_The input:_
▶

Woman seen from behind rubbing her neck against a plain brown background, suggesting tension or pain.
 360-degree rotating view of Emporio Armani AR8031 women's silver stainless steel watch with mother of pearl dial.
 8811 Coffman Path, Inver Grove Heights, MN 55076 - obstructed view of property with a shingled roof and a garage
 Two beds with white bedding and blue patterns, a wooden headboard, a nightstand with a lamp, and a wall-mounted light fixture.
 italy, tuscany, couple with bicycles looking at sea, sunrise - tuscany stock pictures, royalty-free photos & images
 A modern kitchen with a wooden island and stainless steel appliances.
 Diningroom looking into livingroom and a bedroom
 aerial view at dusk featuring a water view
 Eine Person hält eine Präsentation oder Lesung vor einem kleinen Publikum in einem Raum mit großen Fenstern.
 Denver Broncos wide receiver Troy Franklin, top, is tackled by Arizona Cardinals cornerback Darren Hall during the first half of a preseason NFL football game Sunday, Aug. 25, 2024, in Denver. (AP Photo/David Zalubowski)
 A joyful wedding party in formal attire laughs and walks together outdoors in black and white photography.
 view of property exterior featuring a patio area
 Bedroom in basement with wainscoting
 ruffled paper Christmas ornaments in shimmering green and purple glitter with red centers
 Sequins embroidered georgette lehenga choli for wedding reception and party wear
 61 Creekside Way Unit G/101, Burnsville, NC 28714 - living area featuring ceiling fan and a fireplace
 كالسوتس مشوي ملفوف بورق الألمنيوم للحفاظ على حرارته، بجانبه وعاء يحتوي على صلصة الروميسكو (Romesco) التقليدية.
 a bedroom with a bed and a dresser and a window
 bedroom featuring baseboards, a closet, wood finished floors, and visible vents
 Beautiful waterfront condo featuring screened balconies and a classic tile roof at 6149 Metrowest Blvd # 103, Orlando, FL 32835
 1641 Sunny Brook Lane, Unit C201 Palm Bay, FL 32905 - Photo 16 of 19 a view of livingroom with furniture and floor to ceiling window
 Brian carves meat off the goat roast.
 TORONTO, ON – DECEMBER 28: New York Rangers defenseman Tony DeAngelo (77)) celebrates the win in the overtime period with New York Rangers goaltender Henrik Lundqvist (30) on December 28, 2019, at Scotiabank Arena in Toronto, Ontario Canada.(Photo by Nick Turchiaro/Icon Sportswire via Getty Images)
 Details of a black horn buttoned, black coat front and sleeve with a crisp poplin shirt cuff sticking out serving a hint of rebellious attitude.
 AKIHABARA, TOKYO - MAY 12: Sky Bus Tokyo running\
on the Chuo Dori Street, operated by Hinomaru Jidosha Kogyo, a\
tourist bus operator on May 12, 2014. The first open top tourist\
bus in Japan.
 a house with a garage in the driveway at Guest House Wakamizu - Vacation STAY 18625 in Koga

◀

_Task instructions:_ Transcribe the lines from the first line of the records through the line that contains "Two beds with", both included, and add nothing else.

_Exercise solution:_
Woman seen from behind rubbing her neck against a plain brown background, suggesting tension or pain.
 360-degree rotating view of Emporio Armani AR8031 women's silver stainless steel watch with mother of pearl dial.
 8811 Coffman Path, Inver Grove Heights, MN 55076 - obstructed view of property with a shingled roof and a garage
 Two beds with white bedding and blue patterns, a wooden headboard, a nightstand with a lamp, and a wall-mounted light fixture.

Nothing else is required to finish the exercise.